Treating Curves and Signals as Data Points

Functional data analysis treats entire curves, surfaces, or functions as individual observations. Basis expansions, functional PCA, and registration methods enable statistical analysis of inherently functional data.

Biomechanics — Analyze gait patterns by treating each walking cycle as a functional observation
Meteorology — Compare daily temperature profiles across weather stations as functional data
Finance — Treat intraday trading curves as functional observations for pattern recognition

FDA lets you do statistics on curves, not just numbers.

Functional data analysis treats observations as functions $x_i(t)$ defined on a continuous domain $\mathcal{T}$ (typically an interval), rather than as vectors of discrete measurements. The paradigm shift from multivariate to functional statistics arises naturally in longitudinal studies, spectrometry, kinematics, and any setting where the sampling frequency is dense relative to the underlying signal.

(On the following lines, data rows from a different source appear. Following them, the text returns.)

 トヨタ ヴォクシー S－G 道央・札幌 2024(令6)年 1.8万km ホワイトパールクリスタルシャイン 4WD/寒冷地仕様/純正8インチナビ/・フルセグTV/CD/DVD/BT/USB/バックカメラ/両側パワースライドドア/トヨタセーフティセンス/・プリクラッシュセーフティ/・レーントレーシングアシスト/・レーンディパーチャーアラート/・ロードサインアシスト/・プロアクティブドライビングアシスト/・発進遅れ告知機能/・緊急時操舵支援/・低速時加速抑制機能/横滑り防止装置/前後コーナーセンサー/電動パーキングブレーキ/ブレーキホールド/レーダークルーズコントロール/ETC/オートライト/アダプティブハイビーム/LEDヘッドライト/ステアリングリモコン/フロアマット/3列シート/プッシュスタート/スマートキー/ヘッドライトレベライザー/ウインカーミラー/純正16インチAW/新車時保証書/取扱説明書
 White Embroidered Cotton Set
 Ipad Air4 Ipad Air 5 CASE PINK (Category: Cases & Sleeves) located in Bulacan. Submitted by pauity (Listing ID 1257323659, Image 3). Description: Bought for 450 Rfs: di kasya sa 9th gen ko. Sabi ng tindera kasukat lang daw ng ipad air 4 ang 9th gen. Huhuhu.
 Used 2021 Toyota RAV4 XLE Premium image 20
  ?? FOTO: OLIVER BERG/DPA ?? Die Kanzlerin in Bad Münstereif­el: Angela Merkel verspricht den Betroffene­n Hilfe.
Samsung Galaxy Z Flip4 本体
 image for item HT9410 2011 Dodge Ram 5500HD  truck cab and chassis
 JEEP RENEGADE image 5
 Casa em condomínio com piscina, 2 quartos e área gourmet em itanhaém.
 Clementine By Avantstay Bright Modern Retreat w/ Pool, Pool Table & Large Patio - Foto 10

Functional Data Representation

DfFunctional Data

Functional data consists of $n$ curves $\{x_i(t): t \in \mathcal{T}\}_{i=1}^{n}$ , where each $x_i$ is a smooth function belonging to a Hilbert space $\mathcal{H} = L^2(\mathcal{T})$ with inner product $\langle x, y \rangle = \int_\mathcal{T} x(t)y(t)\,dt$ .

In practice, we observe discretized or noisy versions:

x_i(t_{ij}) = f_i(t_{ij}) + \varepsilon_{ij}, \quad j = 1, \dots, m_i

where $f_i$ is the true curve and $\varepsilon_{ij} \sim N(0, \sigma^2)$ are measurement errors. FDA begins by converting these discrete observations into smooth functional representations.

Basis Expansions

The most common approach represents each curve as a linear combination of known basis functions:

Basis Expansion

x_i(t) = \sum_{k=1}^{K} c_{ik}\,\phi_k(t) = \boldsymbol{\phi}(t)^\top \mathbf{c}_i

where $\{\phi_k\}$ are basis functions and $\mathbf{c}_i = (c_{i1}, \dots, c_{iK})^\top$ are coefficient vectors.

B-Spline Basis

DfB-Spline Basis Functions

B-splines of order $r$ are piecewise polynomial functions of degree $r - 1$ defined recursively on a knot sequence $\{t_1 \leq t_2 \leq \dots \leq t_{K+r}\}$ :

B_{i,1}(t) = \begin{cases} 1 & t_i \leq t < t_{i+1} \\ 0 & \text{otherwise} \end{cases}

B_{i,r}(t) = \frac{t - t_i}{t_{i+r-1} - t_i}B_{i,r-1}(t) + \frac{t_{i+r} - t}{t_{i+r} - t_{i+1}}B_{i+1,r-1}(t)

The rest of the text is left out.